---------- SUPPLIED INFORMATION

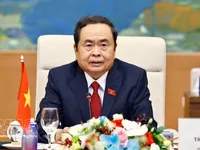 864 candidates announced for 16th National Assembly across 182 electoral units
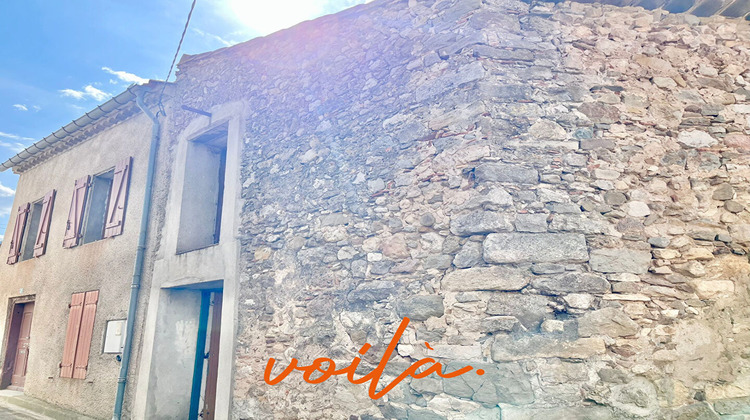 Ma-Cabane - Vente Maison TREBES, 52 m²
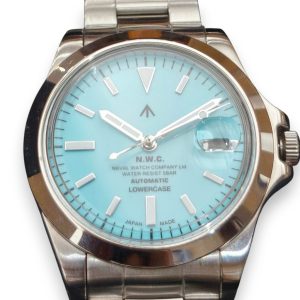 NAVALWATCH FRXA010 自動巻き腕時計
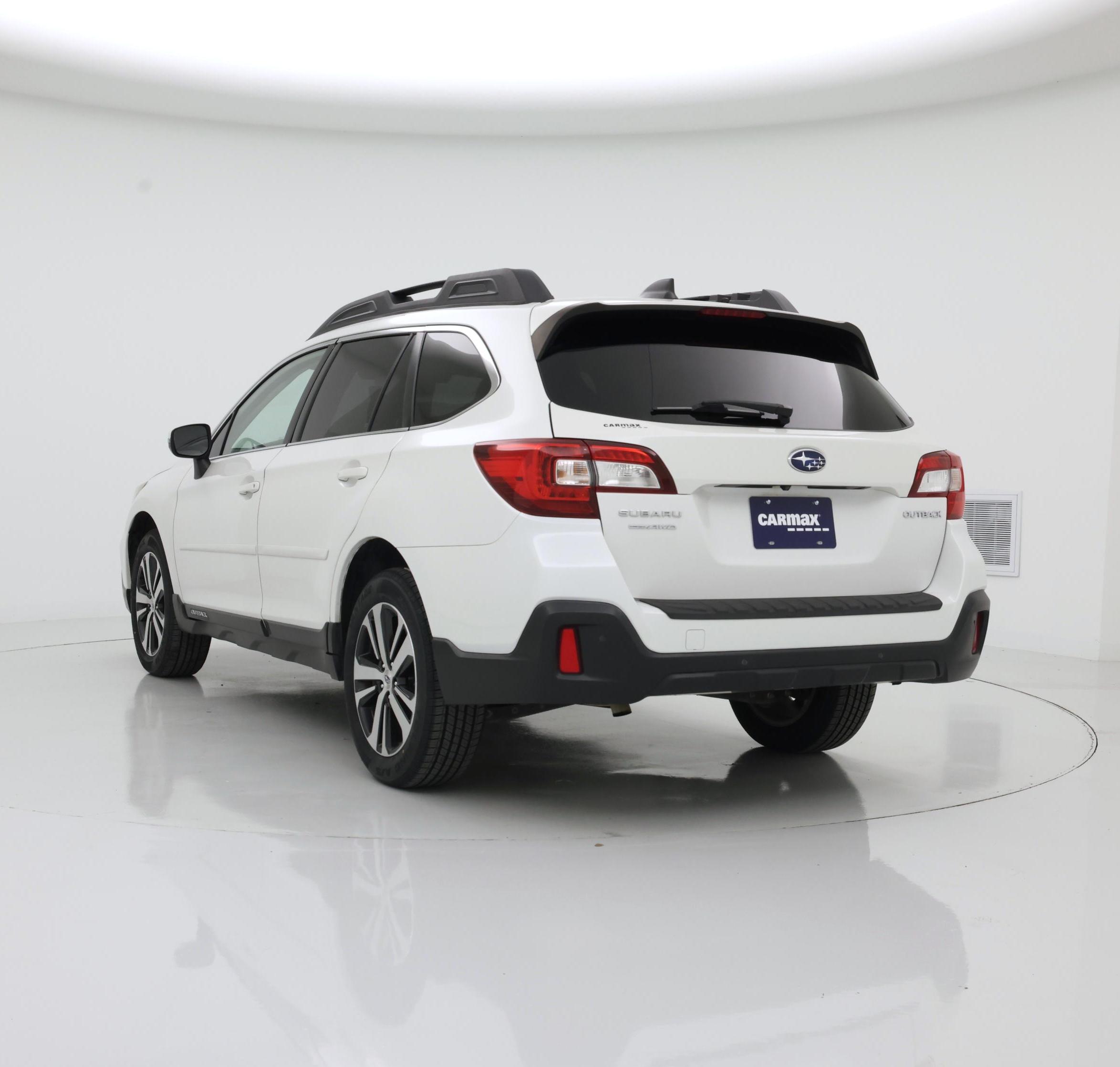 Thumbnail: 2019 Subaru Outback - 2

--------------------

** TASK STATEMENT **
Set down word for word each line from the one containing "Ma-Cabane - Vente Maison TREBES, 52 m²" through the end of the material, and keep the pictures out of it.

** RESULT OF THE EXERCISE **
 Ma-Cabane - Vente Maison TREBES, 52 m²
 NAVALWATCH FRXA010 自動巻き腕時計
 Thumbnail: 2019 Subaru Outback - 2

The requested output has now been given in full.